Time in seconds between checks to see if any tables or partitions need to be compacted. This value should be kept high because each check for compaction requires many calls against the NameNode. Decreasing this value reduces the time it takes to start compaction for a table or partition that requires it. However, checking if compaction is needed requires several calls to the NameNode for each table or partition involved in a transaction done since the last major compaction. Consequently, decreasing this value increases the load on the NameNode.
hive.compactor.delta.num.threshold
Default=10
Number of delta directories in a table or partition that triggers a minor compaction.
hive.compactor.delta.pct.threshold
Default=0.1
Percentage (fractional) size of the delta files relative to the base that triggers a major compaction. (1.0 = 100%, so the default 0.1 = 10%.)
hive.compactor.max.num.delta
Default=500
Maximum number of delta files that the compactor attempts to handle in a single job.
hive.compactor.wait.timeout
Default=300000
The value must be greater than 2000 milliseconds.
Time out in milliseconds for blocking compaction.
hive.compactor.initiator.failed.compacts.threshold
Default=2
A valid value is between 1 and 20, and must be less than hive.compactor.history.retention.failed.
The number of consecutive compaction failures (per table/partition) after which automatic compactions are not scheduled any longer.
hive.compactor.cleaner.run.interval
Default=5000ms
A valid value is a time with unit (d/day, h/hour, m/min, s/sec, ms/msec, us/usec, ns/nsec), which is msec if not specified.
The time between runs of the cleaner thread.
hive.compactor.job.queue
Specifies the Hadoop queue name to which compaction jobs are submitted. If the value is an empty string, Hadoop chooses the default queue to submit compaction jobs.
Providing an invalid queue name results in compaction job failures.
hive.compactor.compact.insert.only
Default=true
The compactor compacts insert-only tables, or not (false). A safety switch.
hive.compactor.crud.query.based
Default=false
Performs major compaction on full CRUD tables as a query, and disables minor compaction.
hive.split.grouping.mode
Default=query
A valid value is either query or compactor.
This property is set to compactor from within the query-based compactor.
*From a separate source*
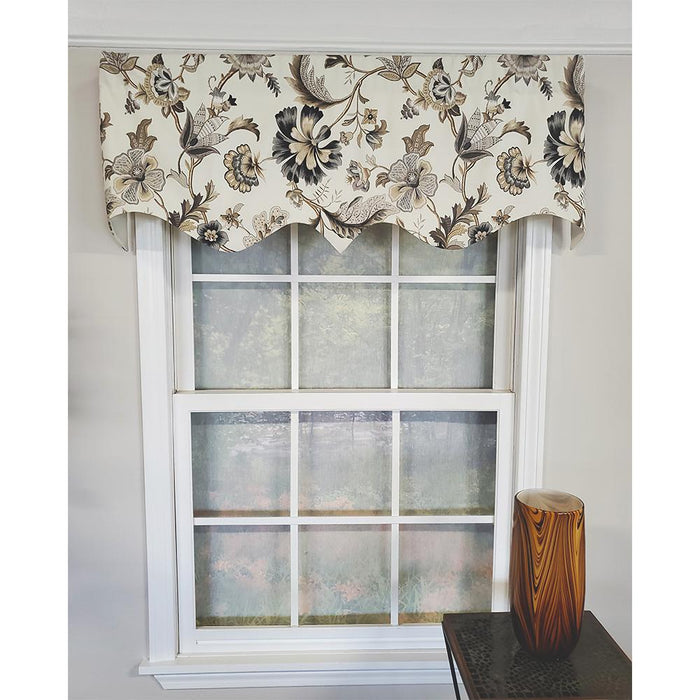 RLF Home Tannzibar Regal 3" Rod Pocket Lining Luxurious and Elegant Window Treatment Valance 50" x 17" Gray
This setting enables the Tez SplitGrouper to group splits based on their bucket number, so that all rows from different bucket files for the same bucket number can end up in the same bucket file after the compaction.
hive.compactor.history.retention.succeeded
Default=3
A valid value is between 0 and 100.
Determines how many successful compaction records are retained in compaction history for a given table/partition.
hive.compactor.history.retention.failed
Default=3
A valid value is between 0 and 100.
Determines how many failed compaction records are retained in compaction history for a given table/partition.
hive.compactor.history.retention.attempted
Default=2
A valid value is between 0 and 100.
Determines how many attempted compaction records are retained in compaction history for a given table/partition.
hive.compactor.history.reaper.interval
Default=2m
A valid value is a time with unit (d/day, h/hour, m/min, s/sec, ms/msec, us/usec, ns/nsec), which is msec if not specified.
Determines how often compaction history reaper runs.